## [Exercise description]
Only the lines below between the one holding "Unité de réfrigération" and the one holding "Adidas Predator Size", inclusive, are to be reproduced word for word; the pictures are to be left out.
:: Listed records ::
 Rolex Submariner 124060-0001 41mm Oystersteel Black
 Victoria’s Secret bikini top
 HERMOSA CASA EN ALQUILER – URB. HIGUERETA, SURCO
:::
:: Listed records ::
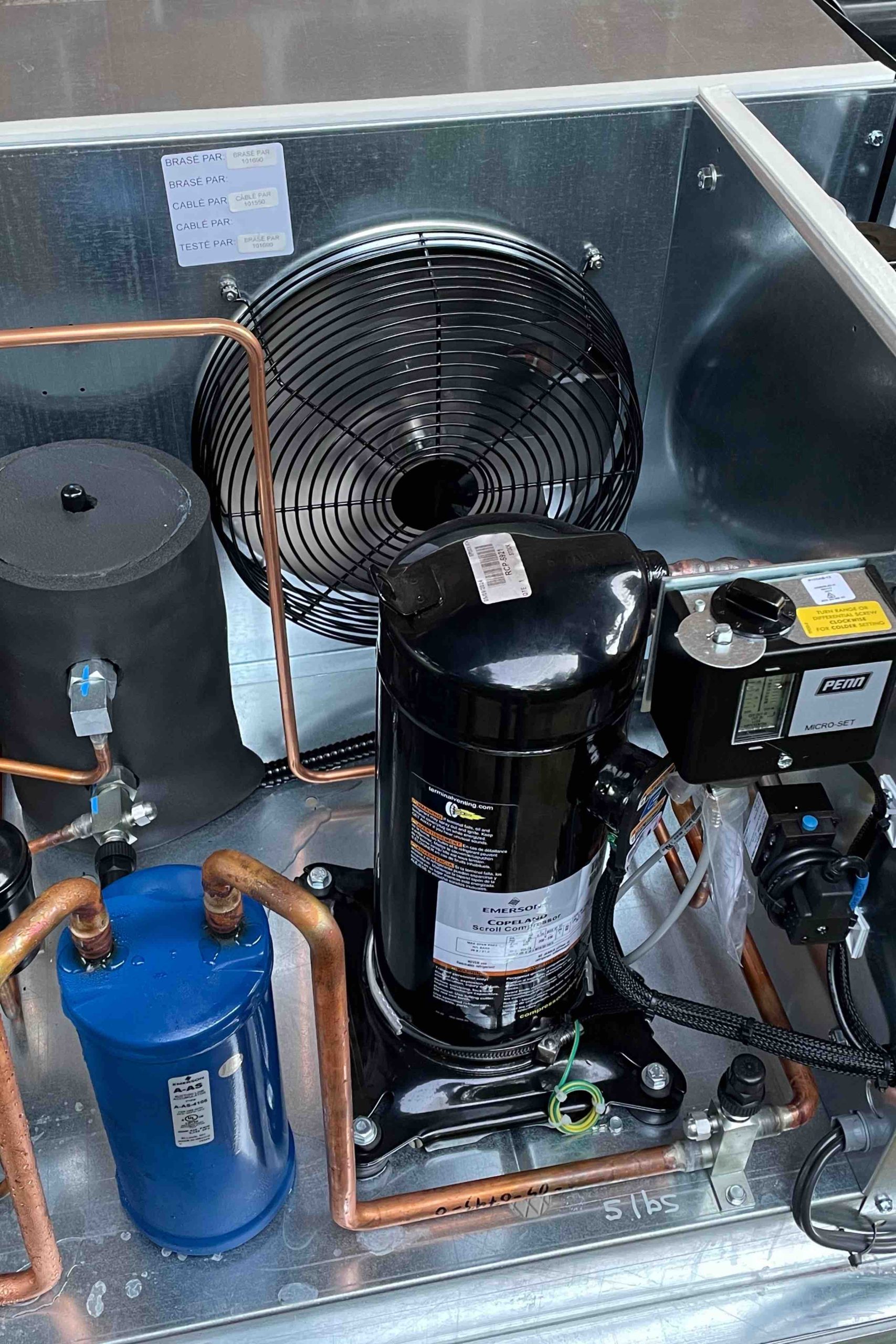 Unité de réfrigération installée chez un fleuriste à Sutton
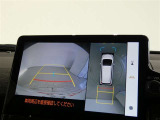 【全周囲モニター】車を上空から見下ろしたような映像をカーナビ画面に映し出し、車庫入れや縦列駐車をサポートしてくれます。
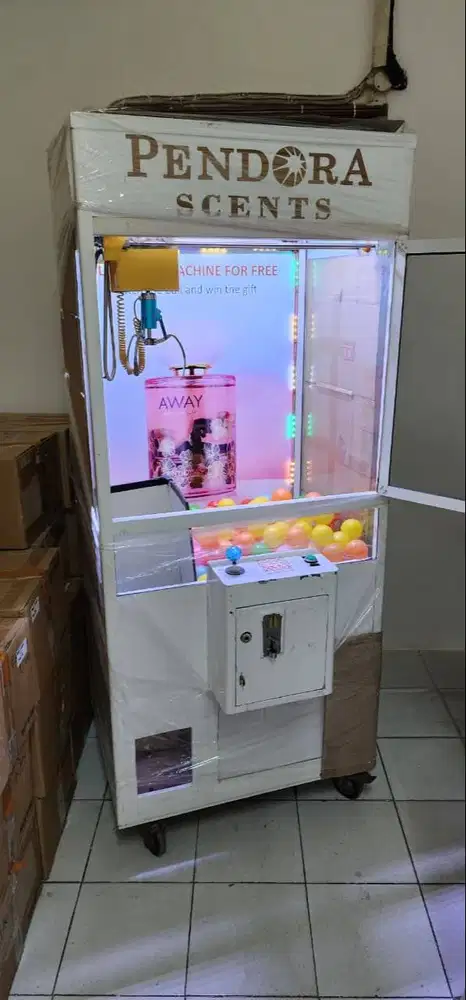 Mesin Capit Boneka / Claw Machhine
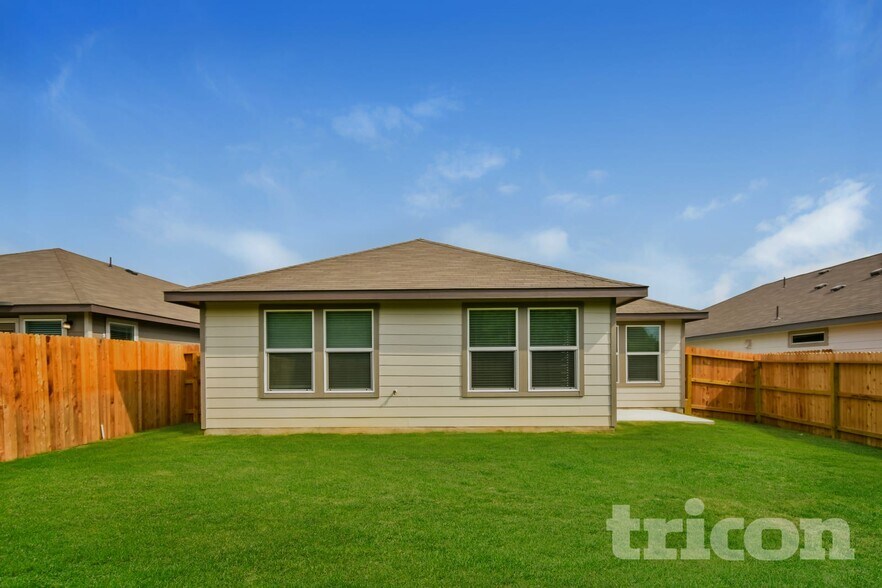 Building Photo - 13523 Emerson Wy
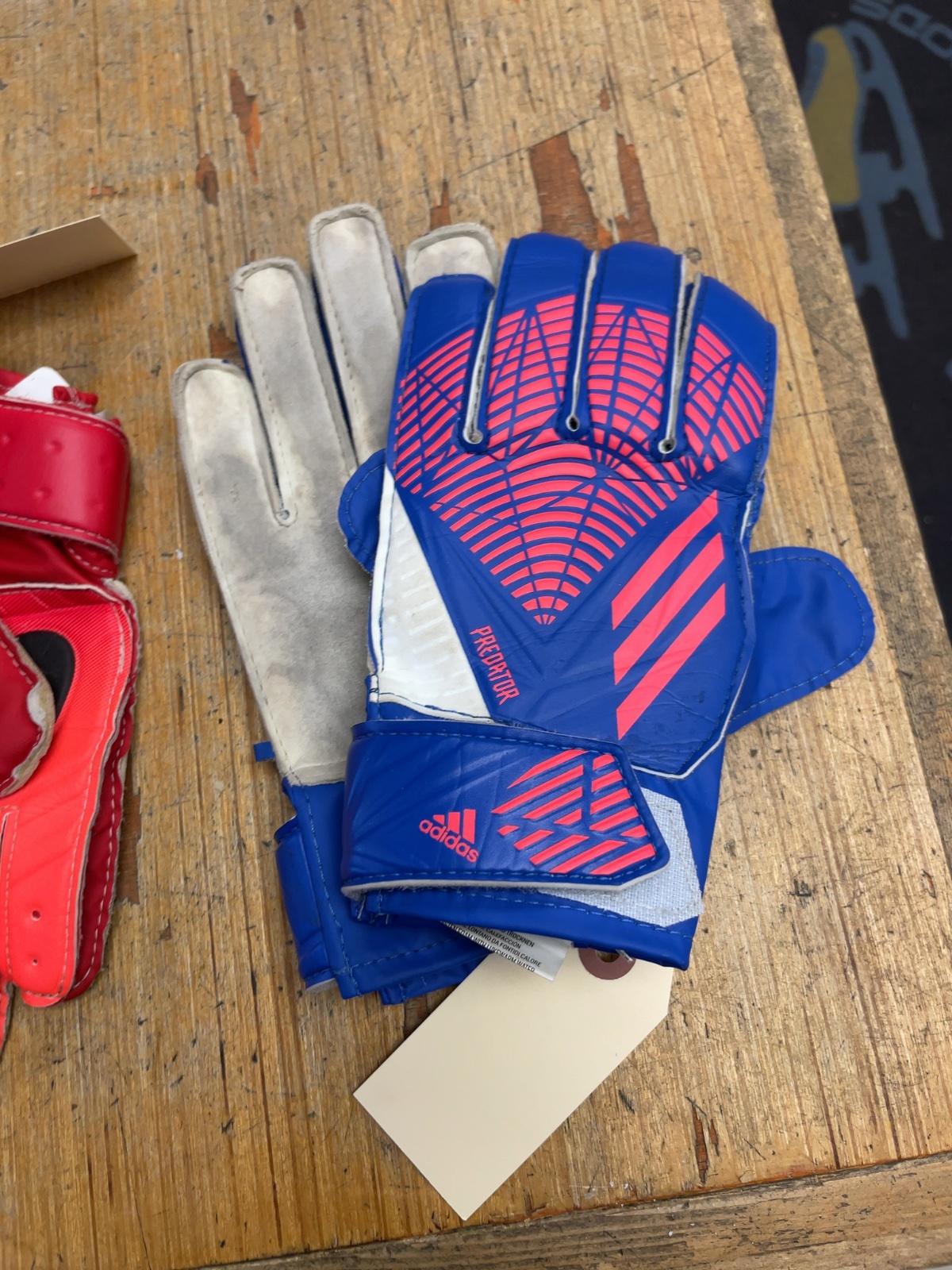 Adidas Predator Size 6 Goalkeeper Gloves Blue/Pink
:::
## [Exercise output]
 Unité de réfrigération installée chez un fleuriste à Sutton
 【全周囲モニター】車を上空から見下ろしたような映像をカーナビ画面に映し出し、車庫入れや縦列駐車をサポートしてくれます。
 Mesin Capit Boneka / Claw Machhine
 Building Photo - 13523 Emerson Wy
 Adidas Predator Size 6 Goalkeeper Gloves Blue/Pink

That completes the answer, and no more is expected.